The characteristic of embedded system is that the target system it controls is a practical system with actual functional performance requirements, which requires close integration with the physical world to complete real-time tasks. At the same time, because of the wide range of applications, high cost performance ratio is required, and the system composition is subject to many constraints. Therefore, an excellent embedded system designer needs to master various technologies to obtain information from the real physical world, and at the same time must have a relatively comprehensive knowledge system and good comprehensive ability. For example, information processing, human-computer interaction, artificial intelligence, and various related practical technologies and devices that apply the processing results to the real physical world.
According to the current curriculum distribution of ordinary colleges and universities, the basic knowledge system required for embedded systems is basically satisfied in the undergraduate teaching of electronic information technology, automation technology, communication engineering technology, and electromechanical integration technology, rather than the learning content arranged for graduate students.

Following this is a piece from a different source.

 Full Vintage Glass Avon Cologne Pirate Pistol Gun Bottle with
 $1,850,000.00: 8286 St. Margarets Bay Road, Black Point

Therefore, learning embedded systems does not require postgraduate entrance examination.
However, as the 'best processing method' needed to complete the actual task, it is mainly reflected in the software. Whether running in a general computer based on standard hardware resources or an embedded computer system based on dedicated hardware resources, it is the purpose of guiding the computer system to perform tasks. Therefore, the further study of processing technology, method and theory requires graduate level study.
The 'processing method' does not depend on the hardware of the computer system. Although, in some embedded systems, in order to meet the requirements of performance indicators, some dedicated hardware resources are used to assist the "implementation method", which is the implementation means. The same means can also be used for standard computer systems, so the learning content of graduate students is not only for embedded systems.
To sum up, graduate study can help deepen the application of embedded systems, but it is not necessarily related.